Easier said than done – thinking without words. Except you can’t say it, because you are thinking without words.
So take a breath, hold it in for a moment, and then breathe out. If you are listening, close your eyes, breathe in… breathe out. Through your nose, a drag in, and a push out.
I hope you are sitting comfortably? Just nod or shake your head, don’t reply, not in voice, not in mind.
You know how it’s easier to remember your phone number, if you say it out loud? Just like a good Shakespearean actor, I myself need the to-be-or-not-to-be – I need the opening line – the oh-seven-eight, to deliver the rest of my number. And when it’s not your phone number but rather your pin code you are typing in, while around people. What do you do? Lips pursed I mumble. Mmhm-mm-mhm-hmm – eight three seven five.
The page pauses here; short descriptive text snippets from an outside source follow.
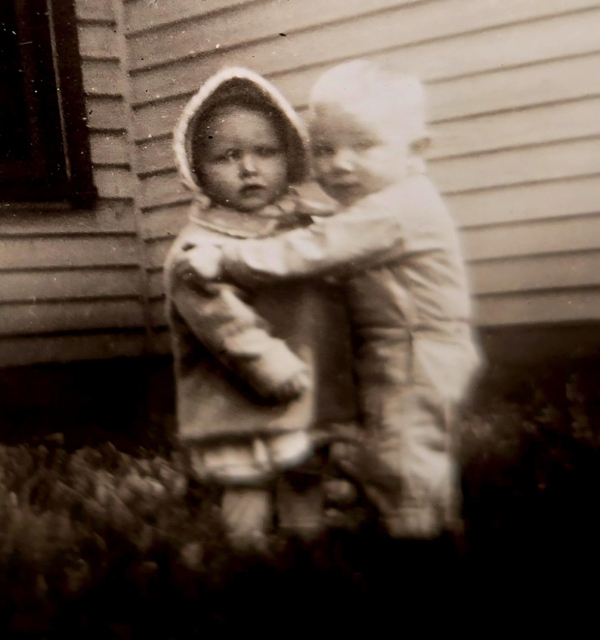 1942 black and white photo of mom and her favorite cousin, hugging and looking into camera.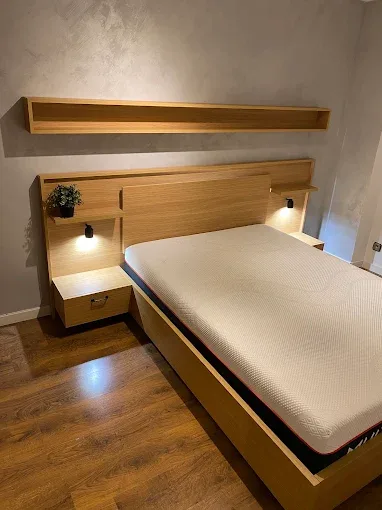 Cama de roble con mesitas flotantes y luz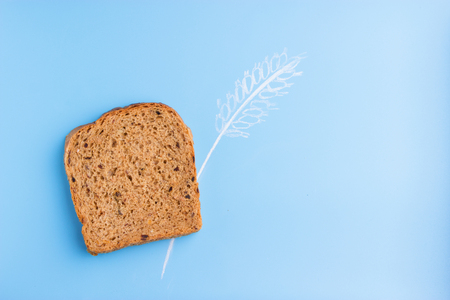 whole grain bread. piece of bread and earsの写真素材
We’ll try to do the same about thinking.
I’ll name some animals, and let’s see if you can imagine them.
A dolphin. A sheep. A dog. A cat. Your neighbour.
We will start again. And when I call out the animal, try imagining it, but do not to think it’s name, do not to put a label under it. Just look at it.
Don’t try to describe it to yourself. You see its fins and its head and the long nose, its toothy smile and mischievous smirk, and its slick blue-gray dolphin body. Dolphin.
Now think about how you feel. And remember to not use words.
Is it just blankness? Or your shape, how it feels from inside, if your eyelids are closed. And, like your hands bound behind your back, the absence of words – unthinkable? But try sticking with it for another second.
I’ll give you some more words, so they will be mine not yours. Try to imagine yourself feeling them. Try to imagine it and then try to remember the feeling for a short while. Safe. Tired. Happy. Sad. Blissful. Angry. Relaxed. Now breathe. And notice how it’s easier to go without breath than with it.
Words let us connect. They let us frame visions and project ideas. And they allow us to build sophisticated worlds within sophisticated worlds. They are the ultimate layer of culture, but not the only one. Under the paint there is another painting.
Thinking without words, the more you think about it—without words—is just one, very simple, thing.